Tarihimize bakıldığında her daim birlik ve beraberliğin en güzel örneklerini veren atalarımızı şimdilerde gelişen teknolojinin argümanları ortadan kaldırılıyor.
Her şeyden önce yaşadığımız coğrafyada bizlere her daim düşmanlık besleyenlerin varlığı toplum tarafından çok iyi bilinmektedir.
Gelişen teknolojinin iyi yönlerini alarak adalet ve toplumsal uzlaşmayı geliştirecek şekilde kullanmak yerine, taraf olarak şer odaklarının her türlü oyununa dahil olmayı seçen bir toplum olmaya devam ediyoruz.
“Öyle ki köylü milletin efendisidir” zihniyeti ile üreten bir toplumun çiftçisi, işçisi, esnafı ve memuru çalışmayı, emek harcamayı bir tarafa bırakarak, kolay para kazanmayı seçiyor. Bireyler olarak bu konuda çokta suçlu olduğumuz bilmeli, süreci analiz etmeli ve bir an önce özümüze dönmeliyiz.
Lakin bu gidişe toplum olarak dur diyemediğimiz taktirde, gençlere toplumsal değerlerimizi aktaramadığımız bu süreçte, kavgadan beslenen, kendinden başkasını düşünmeyen egoist bir nesli inşa ve imar ederiz.
Bugünden tezi yok,
Bizlerin bu konuda kendimizi ölçmeye ve bu işin neresinde olduğumuz şuuruna ermeye ihtiyacımız var.
Gelişen toplumların, sanayisi, tarımı, hayvancılığı, ticareti ve komşuluk ilişkileri ahlaklı değil. Sadece maddiyata dayalı. İlkesizce rakamların bir anda yükseldiği süreç yaşamaya devam edilir ise bu işin sonu toplumda şiddetin, öfkenin ve kargaşanın hakim olmasına sebebiyet verecektir.

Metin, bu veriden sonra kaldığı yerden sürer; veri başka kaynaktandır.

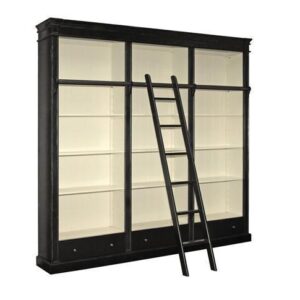 Bookcase - Large Bookcase - 3 Drawers - 4 Shelves - Ascot Furniture Range
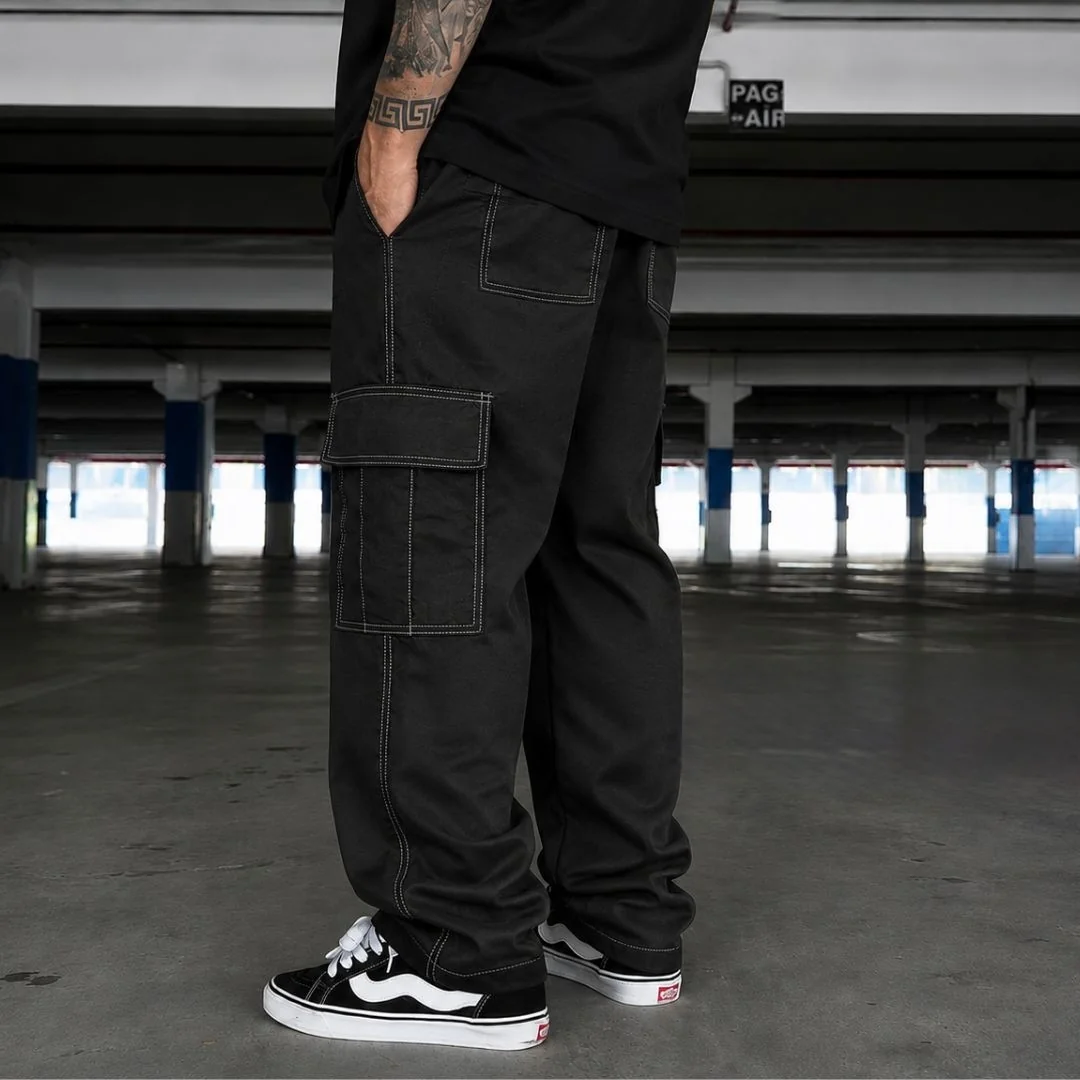 Calça Cargo Sarja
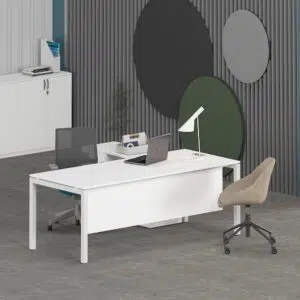 Alternative view of Matrix Office Executive Desk (with Side Cabinet)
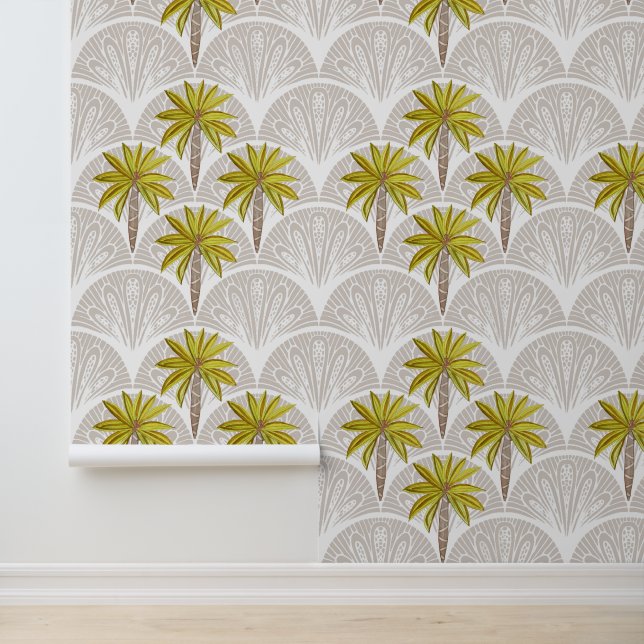 Palmen auf dem Sand der tropischen Inseln Tapete (Anwendung)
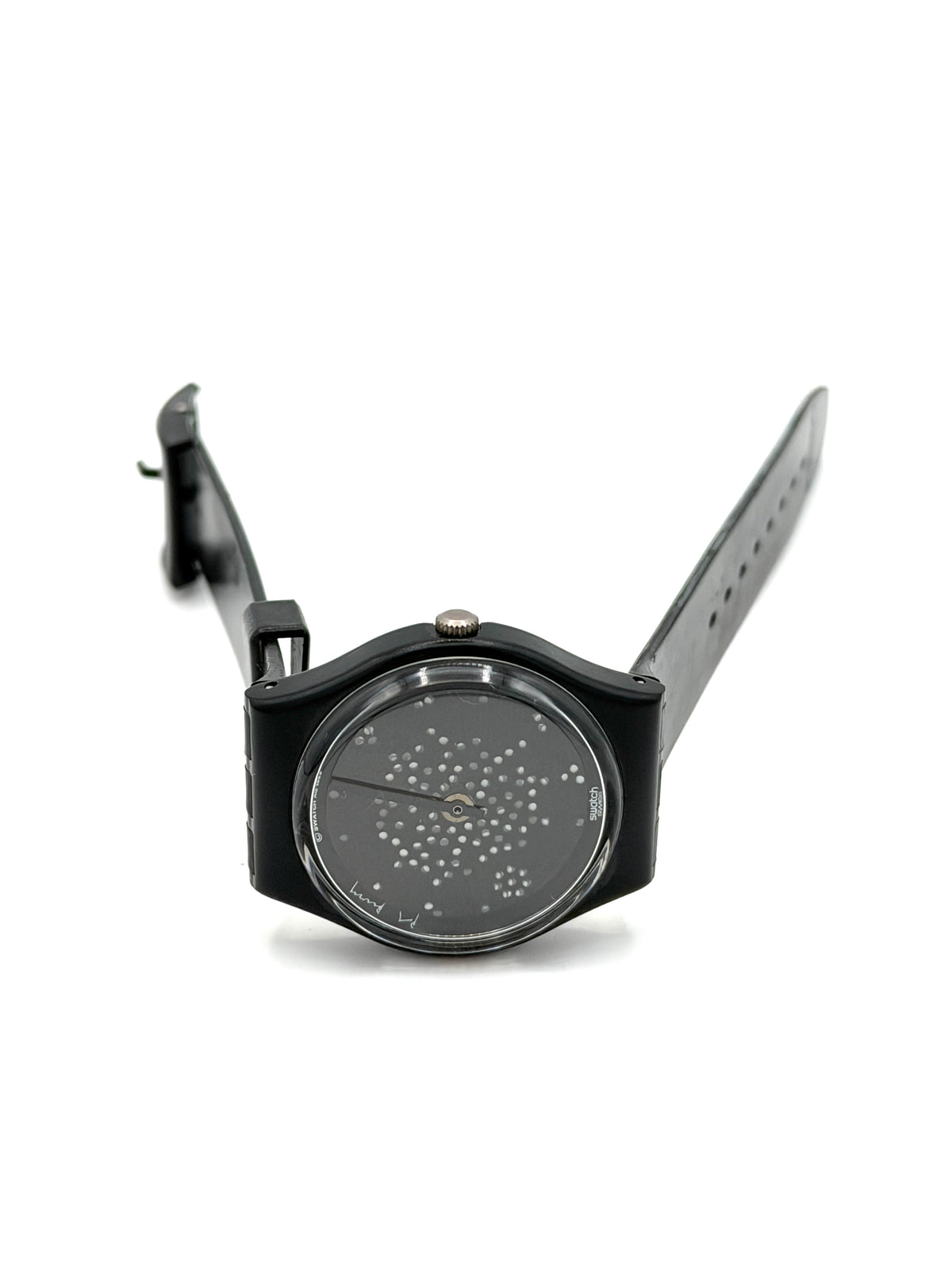 Swatch Gent Artist Special LE TEMPS PONCTUÉ by Pol Bury GZ110 (1988)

Bunun en güzel örneği yaşanan depremler sonrası fahiş artan emlak ve konut fiyatları, hazır ülke mahvolmuşken bizde bu ortamdan faydalanalım deyip rakamların astronomik artması,
Yetmezmiş gibi mülkün gerçek sahibini unutup adına tapu denen bir kağıt parçasına güvenerek, insanlara buğuz edercesine çektirilen çile,
İşte bütün bunlar ele alındığında toplumda hüküm süren kolaydan para vurayım, iki kira alırım dünyamı kurtarırım açgözlülüğü hem aileyi, hem insanları daha çok bunalıma, ahlak yoksunluğuna itiyor ki,
Bu gidiş pekte hayırlı bir gidiş değil.